Water in the open ocean appears clear and blue because it contains much less particulate matter, such as phytoplankton or other suspended particles, and the clearer the water, the deeper the light penetration. Blue light penetrates deeply and is scattered by the water molecules, while all other colours are absorbed; thus, the water appears blue. On the other hand, coastal water often appears greenish. Coastal water contains much more suspended silt and algae and microscopic organisms than the open ocean. Many of these organisms, such as phytoplankton, absorb light in the blue and red range through their photosynthetic pigments, leaving green as the dominant wavelength of reflected light. Therefore, the higher the phytoplankton concentration in water, the greener it appears. Small silt particles may also absorb blue light, further shifting the colour of water away from blue when there are high concentrations of suspended particles.

The absorption of electromagnetic radiation by water depends on the state of the water. In the gas phase, water has three types of transition that can give rise to the absorption of electromagnetic radiation: rotational transitions, vibrational transitions, and electronic transitions. In liquid water, the rotational transitions are effectively quenched, but absorption bands are affected by hydrogen bonding.

The ocean's zones

The ocean is divided into several zones, based on depth from the surface, light availability, temperature, and topography of the ocean bottom. These zones help in the ease of oceanographic studies. The ocean covers more than 70% of the Earth's surface and contains about 97% of its water.

The first of these zones is the sunlight zone, also known as the epipelagic zone, which extends from the surface to about 200 meters deep. This zone is aptly named as it is well-lit, especially at midday, and is the warmest layer. The abundant natural light generates heat, which penetrates deeper waters due to wind movement. The temperature in this zone can range from 34ºC near the equator to -2ºC near the North Pole.
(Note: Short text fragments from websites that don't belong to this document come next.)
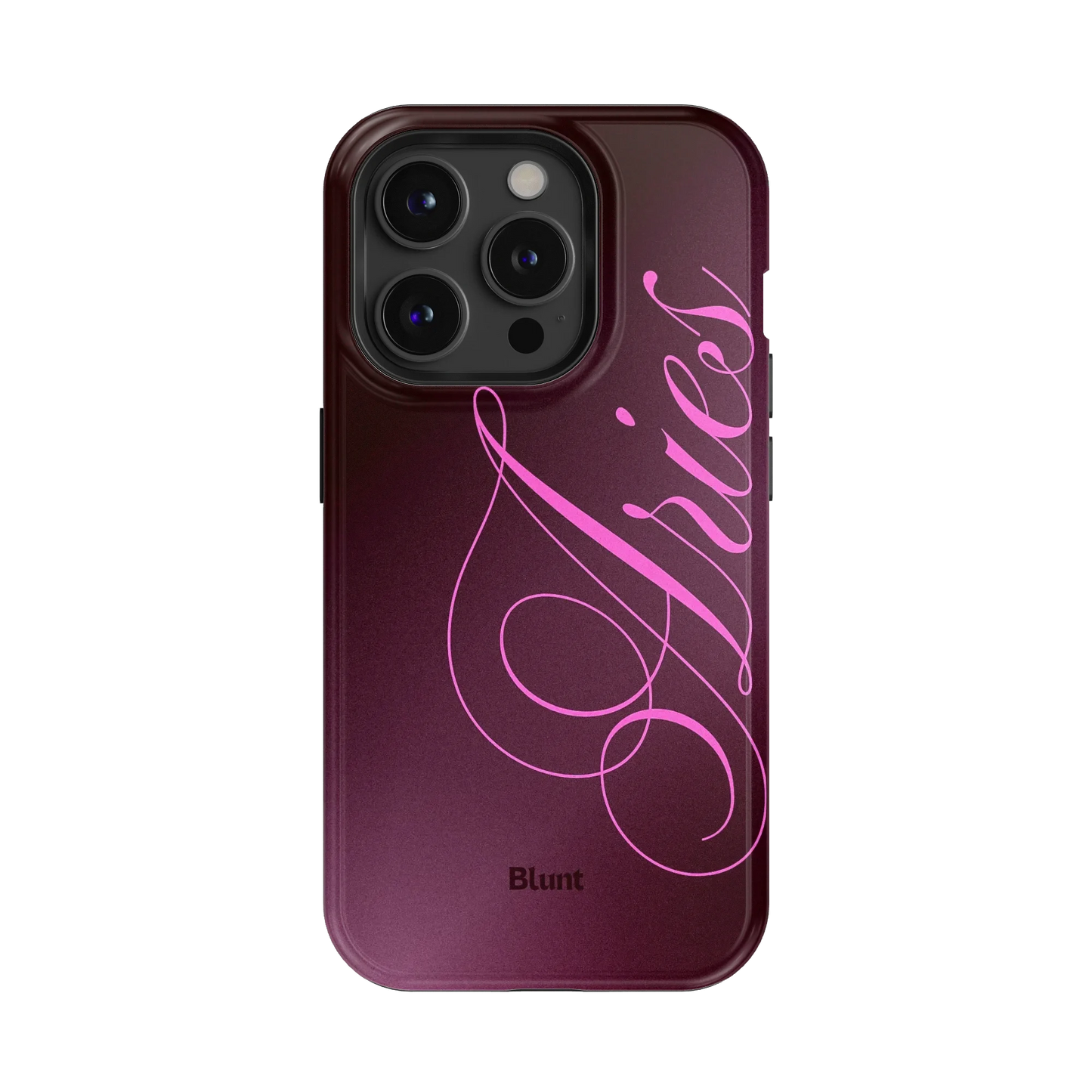 Aries iPhone Case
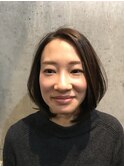 シフォンボブ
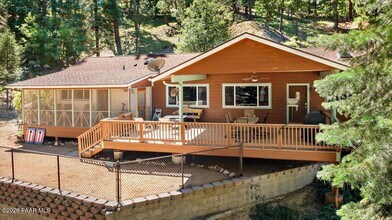 6641 S Midnight Snap Ln in Prescott, AZ - Building Photo - Building Photo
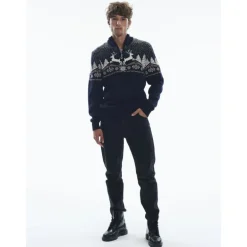 Dale of NorwayDale Christmas Sweater - Pull en laine mérinos homme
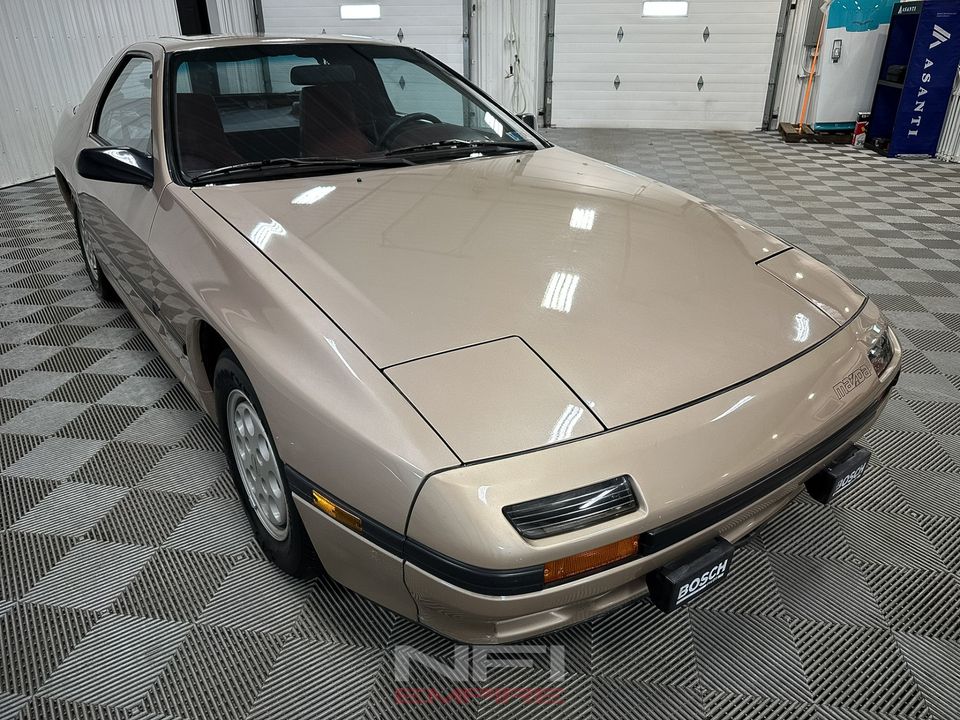 1986 Mazda RX7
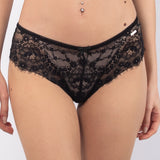 Slip alto in pizzo - PR30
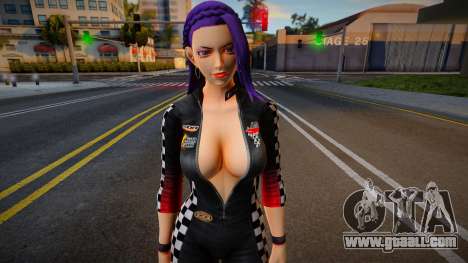 Lunog 8 for GTA San Andreas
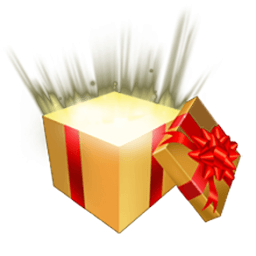 Golden Gift x In Game Items Gameflip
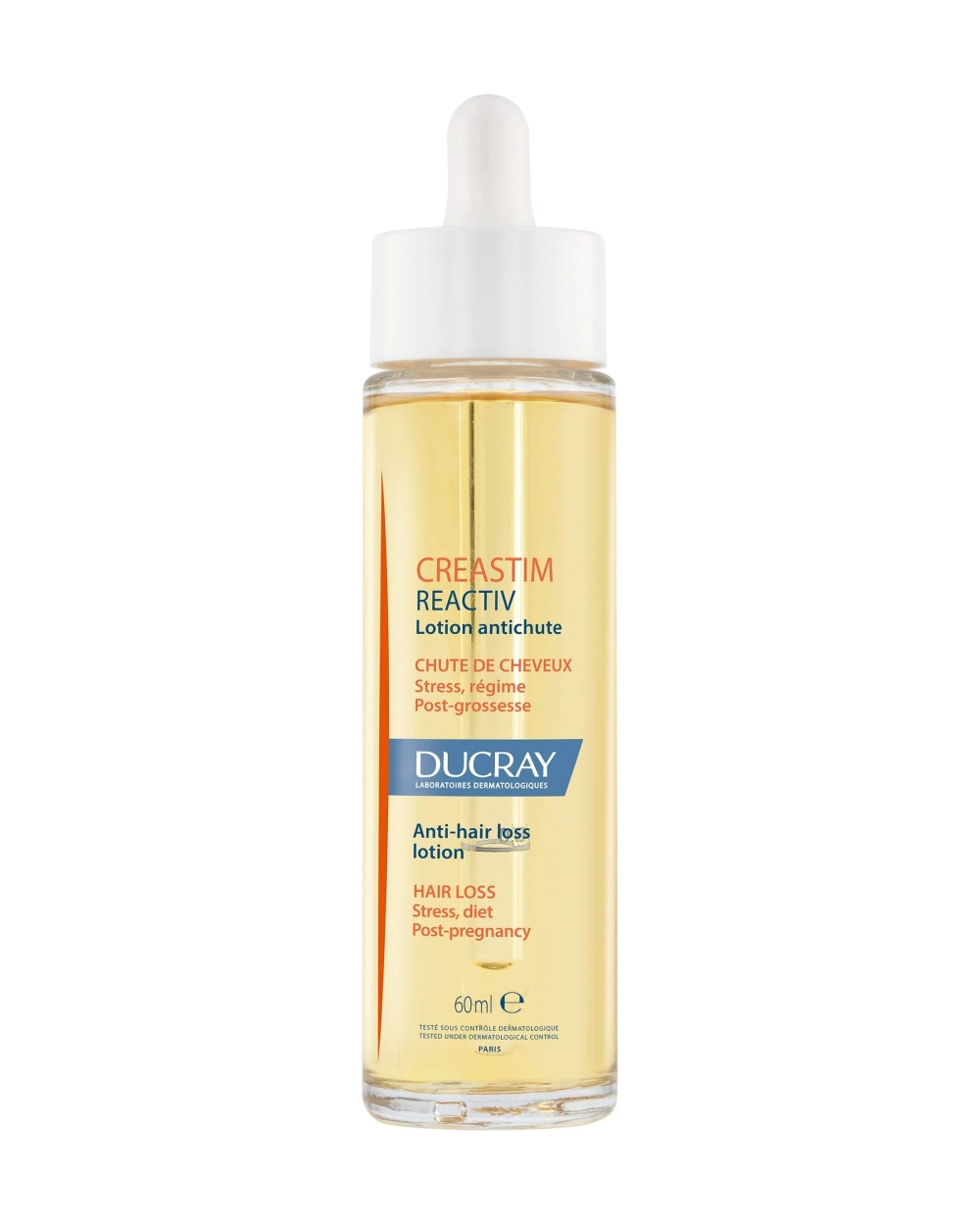 DUCRAY CREASTIM REACTIV LOCIÓN ANTICAÍDA 60ML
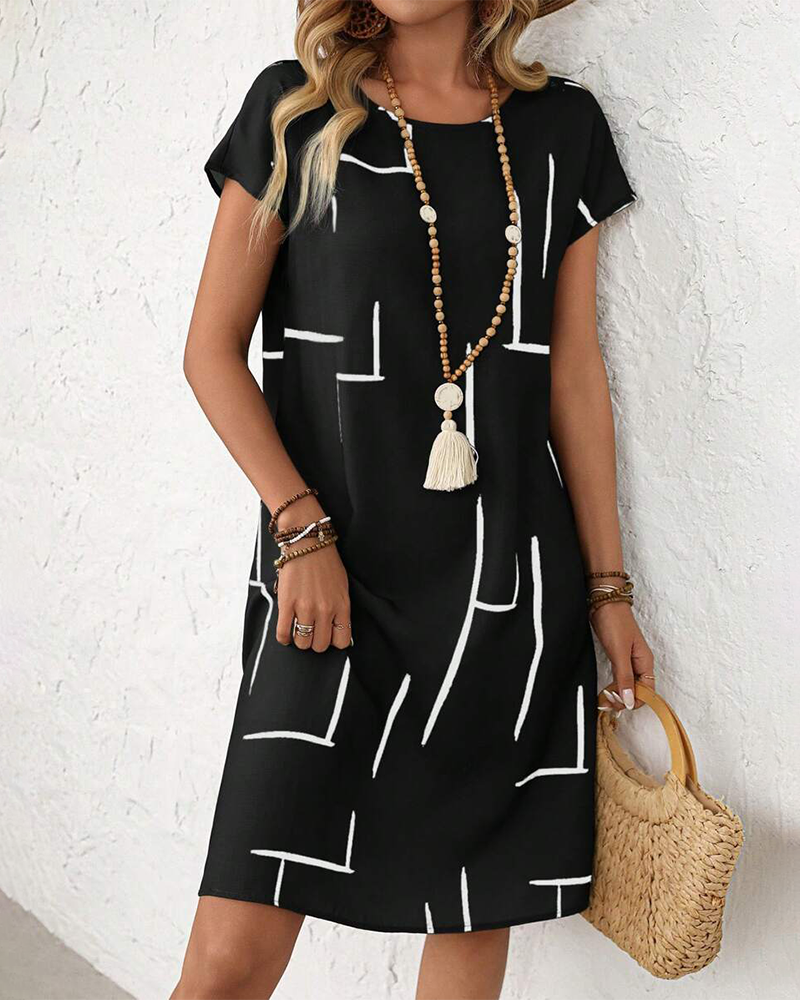 The Lauretta Dress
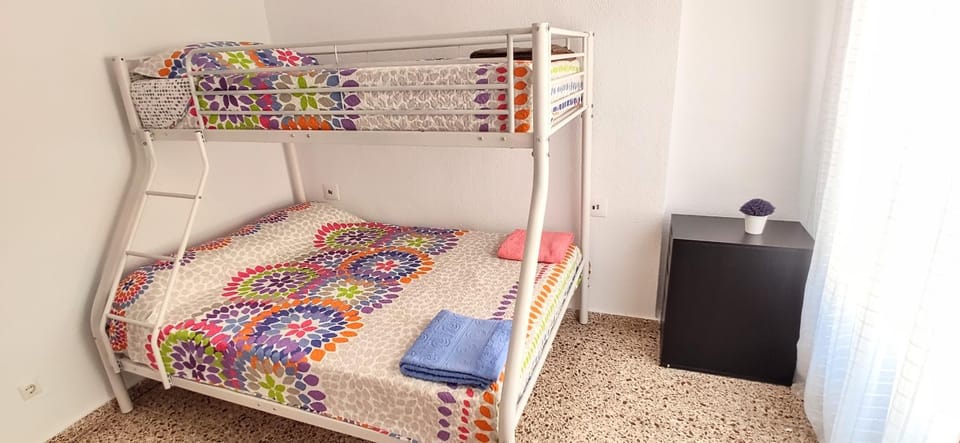 bunk bed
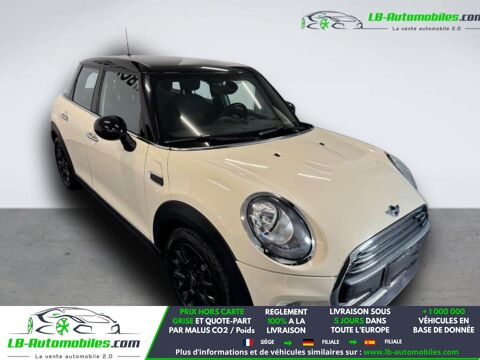 Cooper 102 CH BVA 2016 occasion 31850 Beaupuy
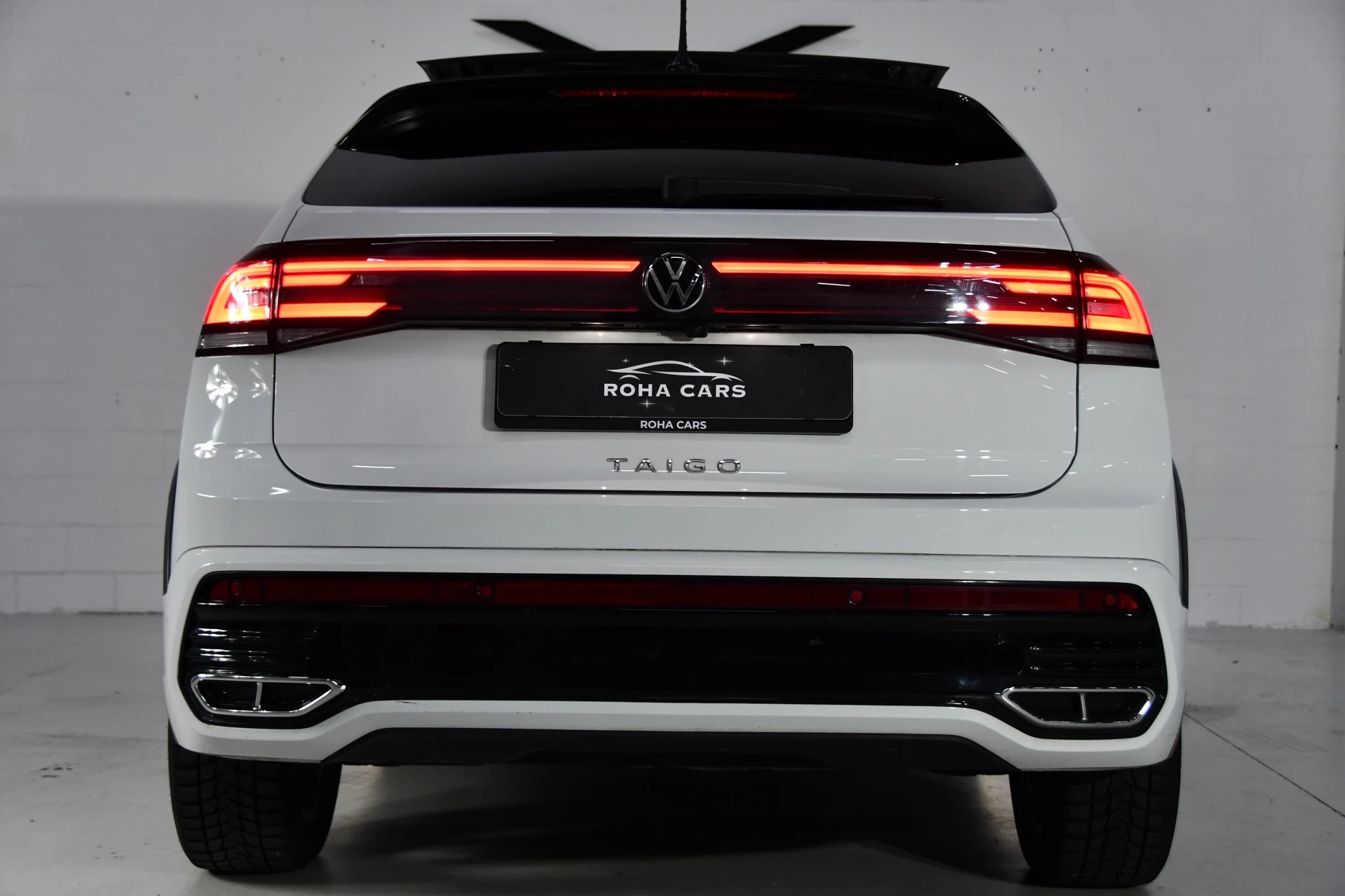 Hoofdafbeelding Volkswagen Taigo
The epipelagic zone is home to photosynthetic organisms such as phytoplankton, which, in turn, support a rich food web.

The second zone is the twilight zone, or the mesopelagic zone, which extends from 200 meters to 1,000 meters deep. This zone receives a small amount of sunlight at midday, but it is generally a dim region. The temperature changes here are the most extreme due to the thermocline, a rapid decrease in temperature, which marks the start of this zone. While there is not enough light for photosynthesis, the twilight zone is home to bioluminescent creatures.

The third zone is the deep ocean, which extends from 1,000 meters to the ocean floor. This zone is further divided into three sub-zones: the midnight zone, the abyss, and the trenches. The midnight zone, or the bathypelagic zone, extends from 1,000 meters to 4,000 meters deep. It is characterized by a consistent temperature of around 39ºF and a complete lack of sunlight. Organisms in this zone, such as certain types of plankton, jellyfish, and squid, are bioluminescent, producing their own light. The abyssopelagic zone, or simply the abyss, extends from 4,000 meters to 6,000 meters deep. It gets its name from the Greek word "abyss," meaning "no bottom," reflecting the ancient belief that the ocean was endless. This zone is extremely cold, with a startling lack of life due to the immense pressure. The deepest part of the ocean is the hadopelagic zone, or the trenches, which extend past 6,000 meters in deep-sea trenches and canyons, such as the Mariana Trench in the Pacific Ocean. Even in these extreme conditions, some life persists, such as the abyssobrotula galatheae, a species of eel discovered in the Puerto Rico Trench.

Light and colour

Light is energy that travels at the universe's fastest speed in the form of light waves. These light waves are electromagnetic energy and, like all electromagnetic energy, they have different wavelengths. The wavelength of light is the distance between two waves. Each colour of visible light has a unique wavelength, and together they make up white light.

The shortest wavelengths are on the violet and ultraviolet end of the spectrum, while the longest wavelengths are at the red and infrared end. In between, the colours of the visible spectrum are ROYGBIV: red, orange, yellow, green, blue, indigo, and violet.

Water is very effective at absorbing incoming light, so the amount of light penetrating the ocean declines rapidly with depth. At 1 metre depth, only 45% of the solar energy that falls on the ocean surface remains. At 10 metres depth, only 16% of the light is still present, and only 1% of the original light is left at 100 metres. No light penetrates beyond 1,000 metres.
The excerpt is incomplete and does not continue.